Thursday 30 October 2014
6:00pm – 7:00pm

Fukushima Daiichi: Coping after a major nuclear accident

Drinks reception from 8:00pm

13/14 Cornwall Terrace (Outer Circle), London NW1 4QP

Organised by The Daiwa Anglo-Japanese Foundation

It is clear from the accidents at Chernobyl (1986) and Fukushima Daiichi (2011) that severe nuclear accidents can occur, even if infrequently, meaning that coping strategies need to be developed in advance. Results will be presented from the UK/India NREFS research project (Management of Nuclear Risk Issues, Environmental, Financial and Safety), aimed at determining how best to manage in the aftermath of a major nuclear accident.

Any mitigation strategy adopted will find itself in the spotlight of national and world opinion, and needs to be capable of rigorous justification, both to experts in the field and also to politicians and the general public, who have a particular fear of nuclear radiation.

The NREFS project considers post-Fukushima lessons from a broader public policy perspective, in particular examining the history of nuclear siting decisions, evolving legal considerations, accident mitigation policies (safety, environmental protection and energy security) and the role of insurance in dealing with severe accident risks.

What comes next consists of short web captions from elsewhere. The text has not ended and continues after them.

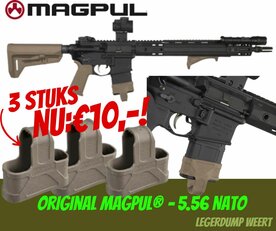 Magpul 5.56 Nato -  M4/ M16 >  3 pack Coyote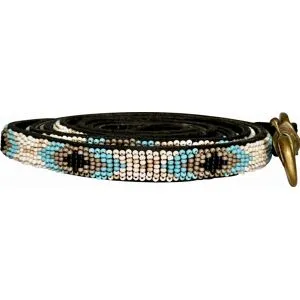 Kampuni Handgjort Hundkoppel Bracelets - Turkos (Micro: 150 x 2,1 cm)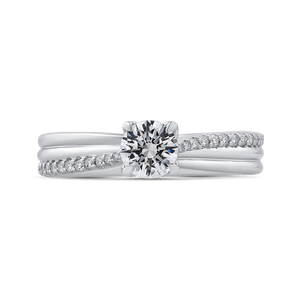 Round Diamond Engagement Ring in White Gold Promezza PR0196ECH-44W-.50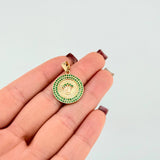 Dije Corona Circular 3.05gr / 2.8cm / Oro Amarillo 18K ©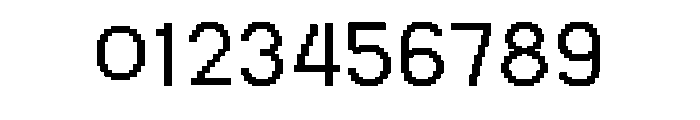 Jjminiarcade Regular Font OTHER CHARS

Professor Philip Thomas and his team have developed the J- or Judgement-value method, which provides recommendations to decision makers in high hazard industries on how much ought to be spent to protect both humans and the environment. Results relevant to both Chernobyl and Fukushima Daiichi will be presented, including an analysis of the relocation strategy, agricultural remediation and urban clean-up measures. The relatively low loss of life expectancy faced by even those members of the public most under threat at Chernobyl has not been widely appreciated. The analysis shows that the late relocation of a quarter of a million people at Chernobyl was economically unjustified. The relevance for the significantly smaller radioactive release at Fukushima Daiichi was covered in discussion.

 

Professor Nuttall Powerpoint Presentation

About the contributors

Professor Philip Thomas

Professor Philip Thomas is Professor of Engineering Development at City University London, and is also the Principal Investigator for a UK/India collaborative research project on the Management of Nuclear Risk Issues, Environmental, Financial and Safety (NREFS). He headed several Departments within the UK Atomic Energy Authority and was Customer Project Manager for the £100M project to decommission a nuclear power plant to green field status

Professor William Nuttall

Professor William Nuttall is Professor of Energy at The Open University and Fellow of Hughes Hall, University of Cambridge.  His research centres on nuclear energy, the nuclear fuel cycle and possibilities for advanced nuclear energy technologies.  His book, Nuclear Renaissance: Technologies and Policies for the Future of Nuclear Power, reflects his interest in not only the technical but also the commercial, strategic and political issues.

Dr Ian Waddington

Dr Ian Waddington took a doctorate in astrophysics and now works as a software developer at Ross Technologies, leading on the computing aspects of the J-value.  He has carried out extensive work for the NREFS project, applying J-value and related techniques to judge the rationality of actions taken after the nuclear reactor accidents at Chernobyl in 1986 and at Fukushima Daiichi in 2011.